Adventist family ministry aims to facilitate loving family relationships as the vital starting point to loving relationships with all of humankind. As Ellen White said: "The strongest argument in favor of the gospel is a loving and lovable Christian. Having good relationships is vital both for personal salvation and for evangelism. Thus Adventists find in the great controversy theme a most powerful theological, eschatological mandate for comprehensive family ministry.


Adventist family ministry and dual end-time trends

The great controversy theme gives Adventist family ministry a distinctive optimism. Scripture predicts dual trends affecting families in the days preceding Jesus' return. The first is a powerful downward family trend (see 2 Tim. 3:1-5). In this trend love and faithfulness disappear, to be replaced by selfishness and immorality. There can be little doubt that we are in the midst of this predicted downward trend.

On the opposite end of the prophetic spectrum, Malachi predicts a powerful upward family trend in which the hearts of family members will turn to each other in fresh love and faithfulness during the last days (Mal. 4:56). Like all divinely empowered trends, the upward family life trend is more powerful than its demonic counterpart. This means that although the general picture of family life at the end of time is a sordid one, the Christian family will demonstrate a true intimacy and beauty of unprecedented quality.

Beyond Malachi's promise, what evidence is there to support such optimism? First, modern advances in the behavioral sciences, especially when adopted with discrimination, offer an understanding of behavior and relationships unavailable to previous generations. Second, dramatic advances in Christian family ministry have created a wealth of material offering insight and information not available even 20 years ago. Third, in past generations the social stigma of divorce and the financial dependence of women often created stable marriages out of necessity. The relationships of good Christian couples were not necessarily healthy even though divorce was out of the question. Today's changed social environment, in which divorce is considered an acceptable option and in which women can support themselves, makes good, stable marriage relationships a more authentic choice.

When I look at Christian couples whose relationships are stable and commit ted by choice, who are actually using available family life resources and who are indeed working on their relationships, I see some of the best marriages.


Adventist family ministry and growth in Christ

Adventist family ministry is distinctive because it plays a vital role in preparing Christians for the kingdom of God. When people become Christians, they embark on a lifelong journey of growth into the fullness of Jesus Christ. This growth process, sanctification, includes overcoming bad habits, developing good habits, developing Christian virtues and graces, sharing Christ with others, and developing an ever-deeper understanding of God's truth.

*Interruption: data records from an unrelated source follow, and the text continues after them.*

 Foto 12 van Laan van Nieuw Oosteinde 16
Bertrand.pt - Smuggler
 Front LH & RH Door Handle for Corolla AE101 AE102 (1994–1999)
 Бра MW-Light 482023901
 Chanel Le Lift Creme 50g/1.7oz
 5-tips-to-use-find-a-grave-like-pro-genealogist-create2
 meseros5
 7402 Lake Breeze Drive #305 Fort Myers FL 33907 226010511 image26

What about developing good family relationships? Does becoming a better spouse, parent, or family member have any thing to do with sanctification? Have you ever noticed Adventists who are deeply concerned about behavioral perfectionism, lifestyle matters, doctrinal issues, or the faults of "the brethren," while having miserable relationships at home? Have you known people who burn themselves out in God's service, while paying scant attention to their most valuable relationships?

Any definition of sanctification that leaves out growing, improving family relationships has to be seriously deficient. This is not to suggest that people who experience family conflict are inferior Christians. Judging another person's Christian experience by the way they relate to their spouse would be fruitless and wrong. Family relationships need to grow from the point at which they presently stand. Improving one's family relationships must not become a mere legalistic act.

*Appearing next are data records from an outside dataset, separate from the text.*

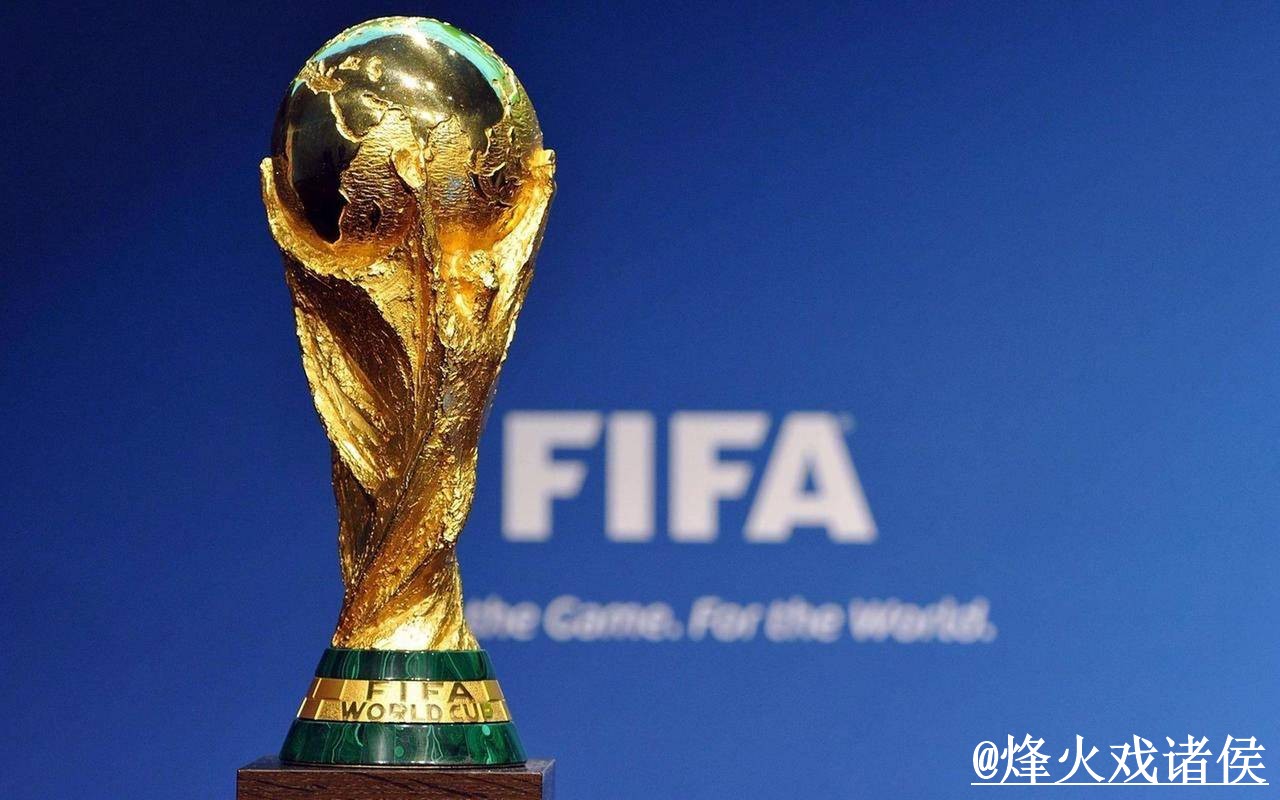 2026世界杯官网登录常见问题整理,入口辨别和地址更新说明 2026世界杯官网登录常见问题整理,入口辨别和地址更新说明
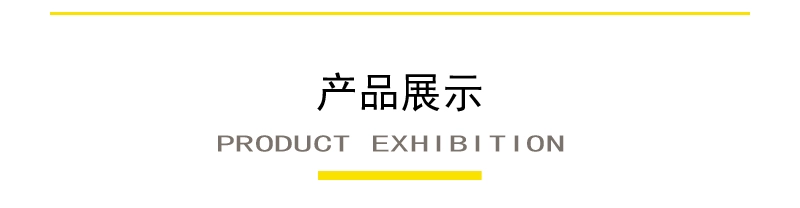 Ký túc xá sinh viên đại học dày lên màn che rèm trai và gái phòng ngủ trên lầu lát giường curtain rèm thoáng khí - Bed Skirts & Valances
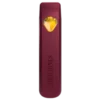 Lord Jones Live Resin Purple Lemon Haze Disposable Vape
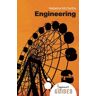 Natasha McCarthy - Engineering: A Beginner's Guide (Beginner's Guides (Oneworld)) - Preis vom 08.05.2024 04:49:53 h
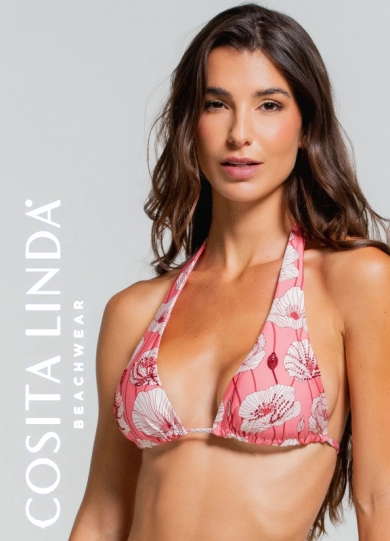 cosita linda Бюст купальный CLB26018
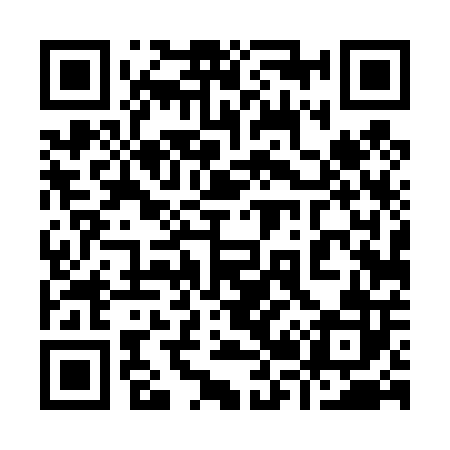 QR code for 924402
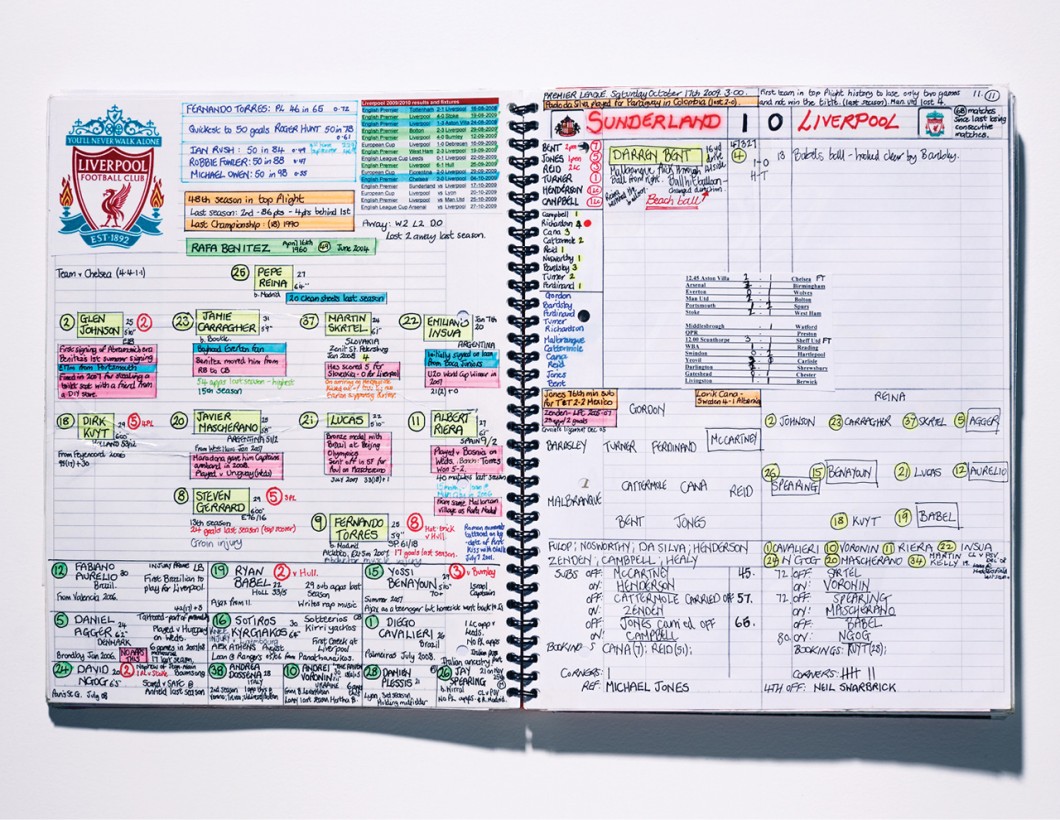3046336-slide-s-2-peek-inside-the-gorgeous-notebooks-cheatsheetwebnick2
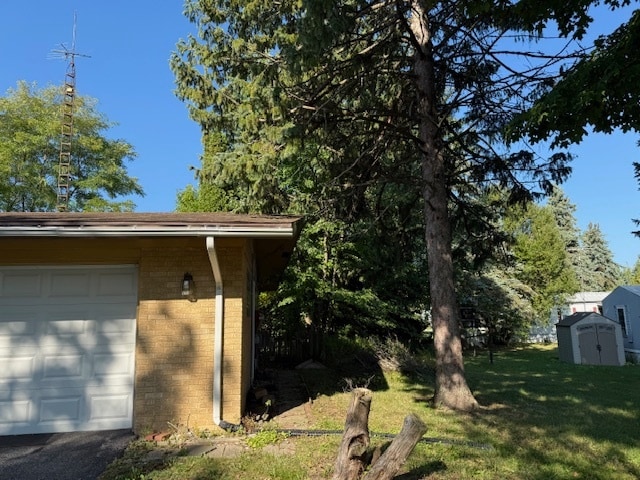 Photo - 3679 S Pere Marquette Hwy Casa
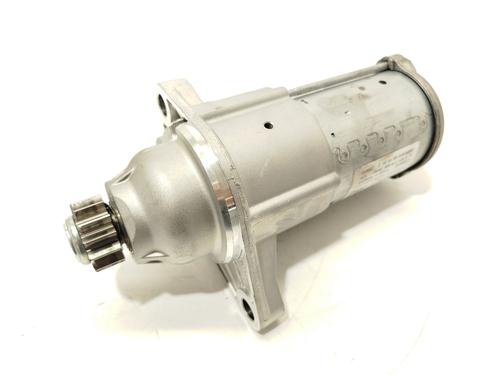 Starter SEAT ARONA (KJ7, KJP) 1.0 TSI | BP35954120M8 - Image 2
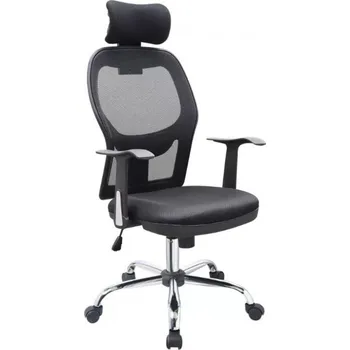 ADK Trade Arizona 38812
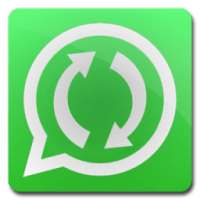 update WhatsApp beta version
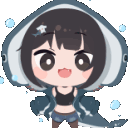 ■ 嘎唄醬 有話要說 ■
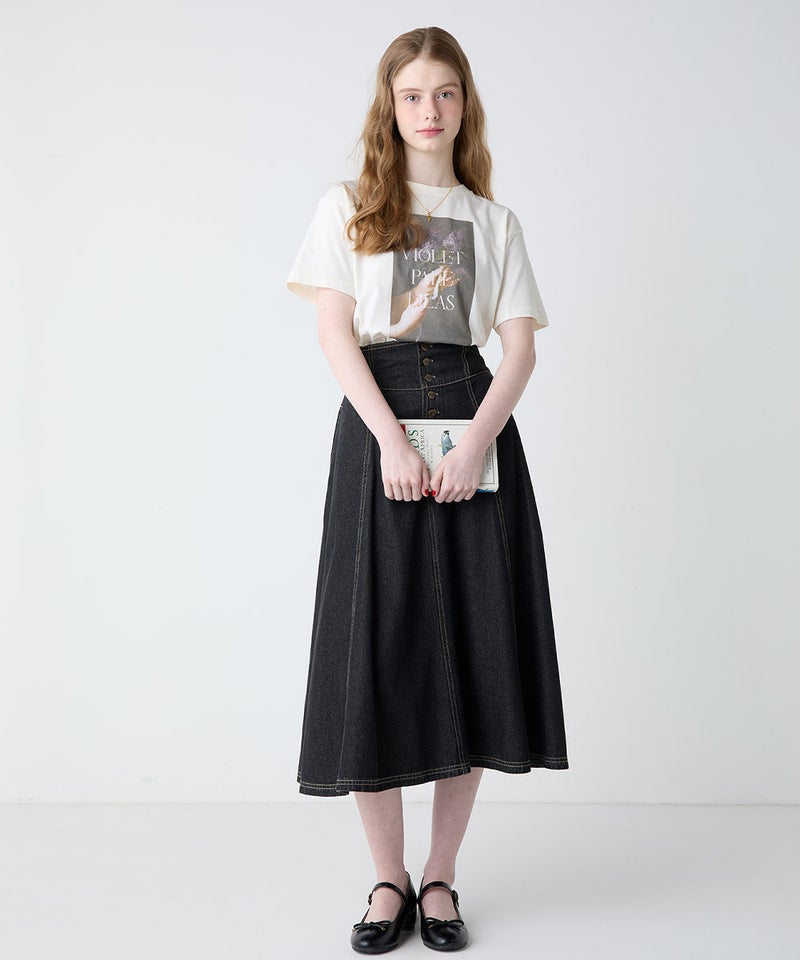 black / 170cm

Yet God is clearly concerned with the quality of our relationships, especially our marriage relationships, because marriage is the foundational human-to-human relationship. Marriage forms, constructs, and integrates our other relationships. Christ can do His best transformation from within marriage relationships. He wants Christian virtues and graces to reach their pinnacle in our marriages. A good marriage is a pivotal element of Christian experience and development.

Because sanctification includes growth in family relationships, family ministry stands at the center of the Adventist mes sage. To be complete, the church's work of nurturing spiritual growth among its members must include comprehensive family ministry.


Adventist family ministry and evangelism

Adventist family ministry is distinctive because it is evangelistic. The concept of "felt-need evangelism" has received strong emphasis among Adventists. The idea is to minister to the needs people feel, thus gaining their confidence and making them more open to the gospel invitation and the distinctive elements of Adventism. Ellen White identifies this kind of approach as "Christ's method."3

Probably the felt need most often addressed by Adventists has been the need for better physical health. What about the felt need for better family life? Look anywhere— east or west, north or south—and there is family stress and distress. Books of statistics could be compiled to demonstrate the scope of family fragmentation around the globe. Good marriages seem elusive these days. Yet the human heart cries out for the comfort and security that only good marriage can provide.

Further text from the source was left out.